I would like the lines below, from the one with "Under the operating" through the one with "Hello, there's a", copied exactly and without any pictures.

Record set -
· · · · ·

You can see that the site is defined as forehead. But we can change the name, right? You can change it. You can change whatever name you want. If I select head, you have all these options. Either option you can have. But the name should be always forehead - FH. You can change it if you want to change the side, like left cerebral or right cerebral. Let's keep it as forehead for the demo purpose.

· · · · ·

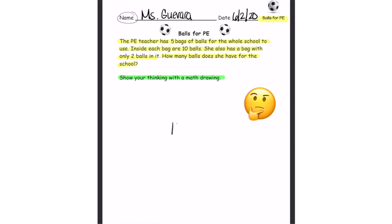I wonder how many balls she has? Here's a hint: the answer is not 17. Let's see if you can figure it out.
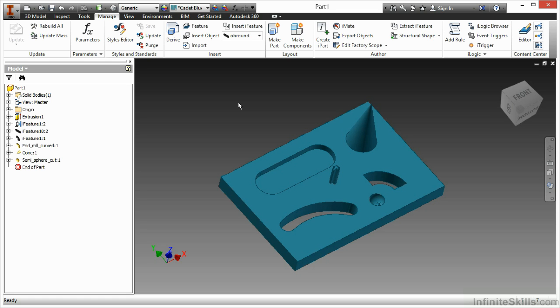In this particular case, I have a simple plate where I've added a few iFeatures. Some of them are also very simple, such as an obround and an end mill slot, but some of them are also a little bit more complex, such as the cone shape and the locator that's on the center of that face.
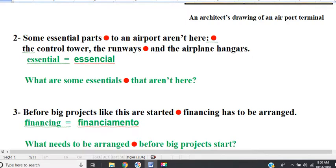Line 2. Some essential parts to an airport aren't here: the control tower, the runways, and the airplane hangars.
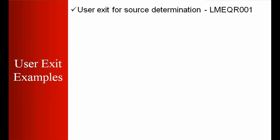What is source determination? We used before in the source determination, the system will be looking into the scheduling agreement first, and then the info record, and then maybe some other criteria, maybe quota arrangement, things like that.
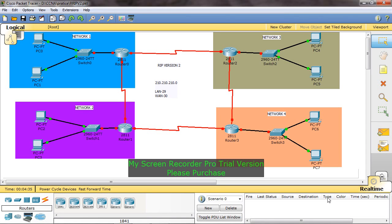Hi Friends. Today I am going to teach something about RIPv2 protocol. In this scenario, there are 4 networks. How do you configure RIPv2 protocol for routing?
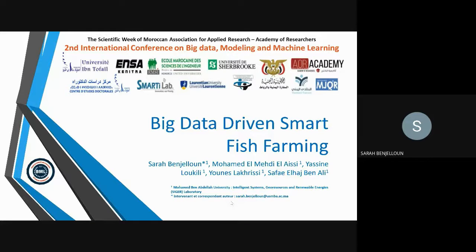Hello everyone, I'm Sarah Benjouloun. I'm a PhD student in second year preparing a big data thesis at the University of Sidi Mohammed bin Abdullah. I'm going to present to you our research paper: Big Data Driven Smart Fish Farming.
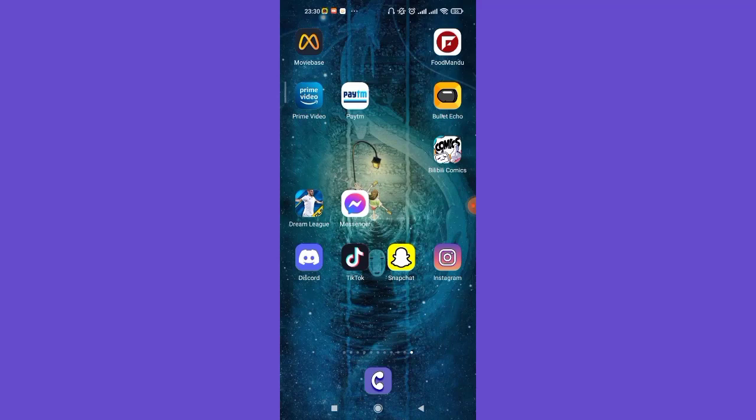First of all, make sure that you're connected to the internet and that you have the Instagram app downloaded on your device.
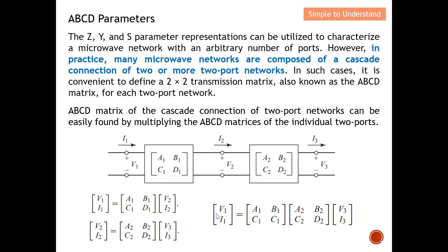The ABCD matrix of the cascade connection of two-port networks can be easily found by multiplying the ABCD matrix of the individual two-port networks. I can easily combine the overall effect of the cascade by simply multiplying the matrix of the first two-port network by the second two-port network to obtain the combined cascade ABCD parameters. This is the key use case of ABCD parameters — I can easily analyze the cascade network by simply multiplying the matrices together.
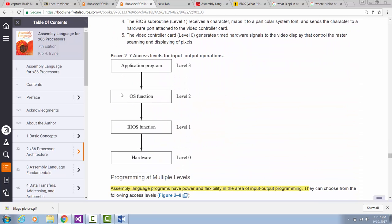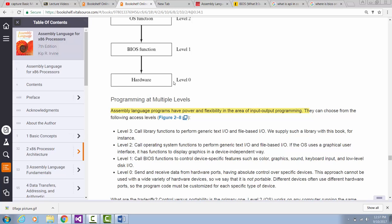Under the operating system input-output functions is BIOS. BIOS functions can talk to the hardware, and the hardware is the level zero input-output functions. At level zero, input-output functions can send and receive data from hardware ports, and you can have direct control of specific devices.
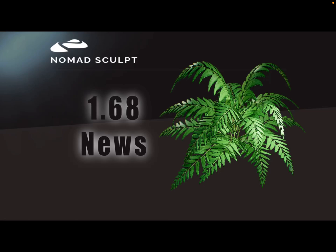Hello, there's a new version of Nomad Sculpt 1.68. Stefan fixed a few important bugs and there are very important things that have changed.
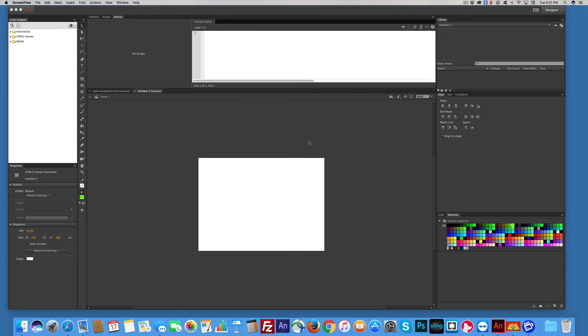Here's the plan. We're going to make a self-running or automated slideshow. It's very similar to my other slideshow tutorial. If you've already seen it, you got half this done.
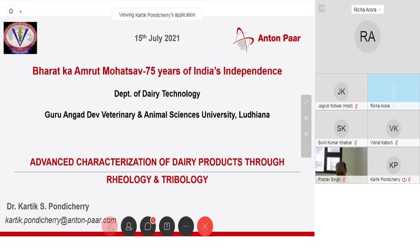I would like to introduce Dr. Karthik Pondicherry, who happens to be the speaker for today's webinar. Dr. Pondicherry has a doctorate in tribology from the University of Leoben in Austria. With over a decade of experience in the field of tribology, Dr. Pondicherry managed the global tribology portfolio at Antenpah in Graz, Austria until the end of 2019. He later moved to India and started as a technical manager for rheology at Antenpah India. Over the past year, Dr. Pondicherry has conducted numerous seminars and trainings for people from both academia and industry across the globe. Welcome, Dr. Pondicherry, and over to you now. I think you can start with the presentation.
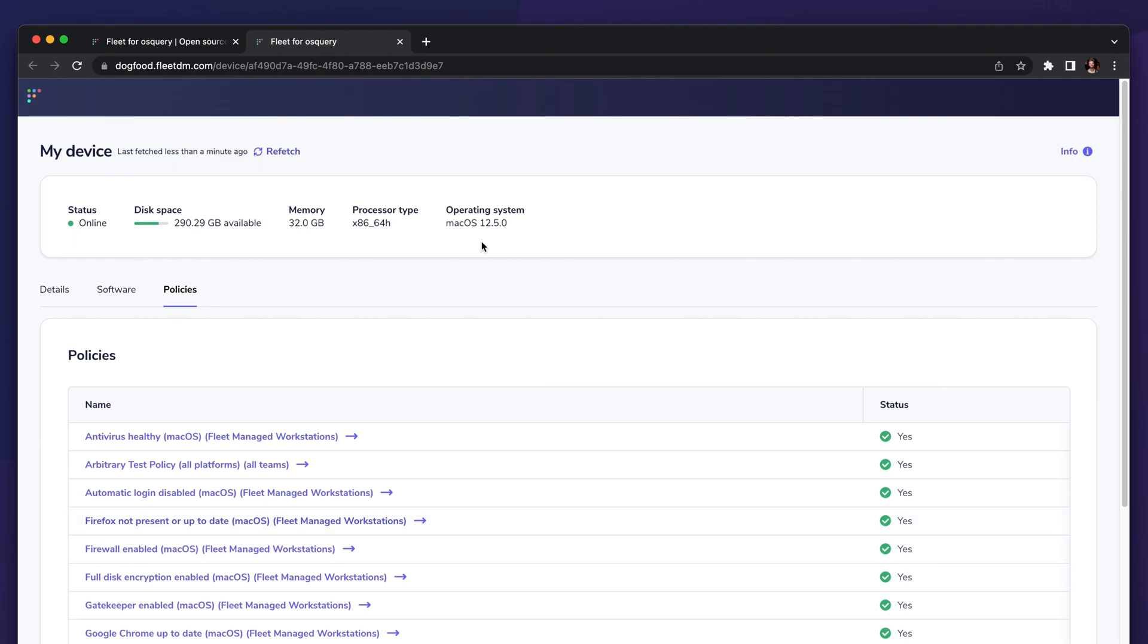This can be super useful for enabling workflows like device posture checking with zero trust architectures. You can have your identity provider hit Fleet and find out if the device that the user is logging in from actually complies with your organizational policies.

· · · · ·

Task solution -
Under the operating system input-output functions is BIOS. BIOS functions can talk to the hardware, and the hardware is the level zero input-output functions. At level zero, input-output functions can send and receive data from hardware ports, and you can have direct control of specific devices.
Hello, there's a new version of Nomad Sculpt 1.68. Stefan fixed a few important bugs and there are very important things that have changed.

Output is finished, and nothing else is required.